Where it all became murkier, however, is when you look a little deeper into who’s actually behind the challenge, CTS: the training systems business run by none other than Chris Carmichael, ex-pro cyclist and, wait for it, Lance Armstrong’s rather controversial long time coach. I wont go into the background detail here, but you can read most of it at the following link if you’re interested.
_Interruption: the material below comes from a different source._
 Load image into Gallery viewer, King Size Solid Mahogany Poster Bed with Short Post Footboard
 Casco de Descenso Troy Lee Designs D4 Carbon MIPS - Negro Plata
Now whether Carmichael is guilty of knowingly aiding Lance and other USA riders like Hincapie and Jullich dope, or his crime consists simply of being so blindly out of touch that he had no idea what the Texan was actually up to, the reader’s point to me was that either way his training methods and the highest profile results* they achieved are totally flawed. Regardless if Carmichael knew about the rampant doping or not, everything he achieved as Armstrong’s coach – the fame, the books, the money, the glory, the business empire – was essentially built on ill-gotten, PED-fuelled gains. Not some genius new training regime, but effectively an illegal one.
Given this, he argues with some logic that all this surely paints CTS as a highly dubious business partner for Strava to hop into bed with; one that hardly sends a strong message to the wider cycling community.
One can only assume CTS has paid very handsomely for the privilege.